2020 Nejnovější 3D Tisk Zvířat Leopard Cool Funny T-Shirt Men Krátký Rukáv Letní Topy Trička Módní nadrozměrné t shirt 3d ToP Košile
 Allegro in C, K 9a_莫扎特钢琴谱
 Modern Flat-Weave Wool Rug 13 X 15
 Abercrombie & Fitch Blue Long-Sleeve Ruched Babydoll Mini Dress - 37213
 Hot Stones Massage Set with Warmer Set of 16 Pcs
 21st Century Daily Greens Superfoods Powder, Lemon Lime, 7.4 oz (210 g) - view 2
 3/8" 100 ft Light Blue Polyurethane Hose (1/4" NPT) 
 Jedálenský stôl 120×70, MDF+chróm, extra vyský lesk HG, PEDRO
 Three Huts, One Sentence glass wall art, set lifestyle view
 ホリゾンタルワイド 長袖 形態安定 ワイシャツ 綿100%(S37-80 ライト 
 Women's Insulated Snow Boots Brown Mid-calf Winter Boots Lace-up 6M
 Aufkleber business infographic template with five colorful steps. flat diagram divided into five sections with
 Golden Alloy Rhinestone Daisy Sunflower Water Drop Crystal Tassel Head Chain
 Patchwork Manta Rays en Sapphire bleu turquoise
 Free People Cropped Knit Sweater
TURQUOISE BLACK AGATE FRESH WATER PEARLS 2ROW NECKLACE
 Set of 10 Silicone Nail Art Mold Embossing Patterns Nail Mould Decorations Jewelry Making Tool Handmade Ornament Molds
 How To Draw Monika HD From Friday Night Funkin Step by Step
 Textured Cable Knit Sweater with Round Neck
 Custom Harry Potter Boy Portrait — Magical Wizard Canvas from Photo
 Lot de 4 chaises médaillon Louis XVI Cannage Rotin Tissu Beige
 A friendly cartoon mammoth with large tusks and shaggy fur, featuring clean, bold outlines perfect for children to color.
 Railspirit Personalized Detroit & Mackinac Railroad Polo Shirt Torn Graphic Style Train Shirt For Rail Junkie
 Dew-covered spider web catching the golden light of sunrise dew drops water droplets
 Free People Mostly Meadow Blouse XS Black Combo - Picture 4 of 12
* * * * * * * * *
Task brief >> Give again, word for word, every line of the listing above from the one with "21st Century Daily" to the one with "TURQUOISE BLACK AGATE", both inclusive, and nothing beyond them.

Task response >>
 21st Century Daily Greens Superfoods Powder, Lemon Lime, 7.4 oz (210 g) - view 2
 3/8" 100 ft Light Blue Polyurethane Hose (1/4" NPT) 
 Jedálenský stôl 120×70, MDF+chróm, extra vyský lesk HG, PEDRO
 Three Huts, One Sentence glass wall art, set lifestyle view
 ホリゾンタルワイド 長袖 形態安定 ワイシャツ 綿100%(S37-80 ライト 
 Women's Insulated Snow Boots Brown Mid-calf Winter Boots Lace-up 6M
 Aufkleber business infographic template with five colorful steps. flat diagram divided into five sections with
 Golden Alloy Rhinestone Daisy Sunflower Water Drop Crystal Tassel Head Chain
 Patchwork Manta Rays en Sapphire bleu turquoise
 Free People Cropped Knit Sweater
TURQUOISE BLACK AGATE FRESH WATER PEARLS 2ROW NECKLACE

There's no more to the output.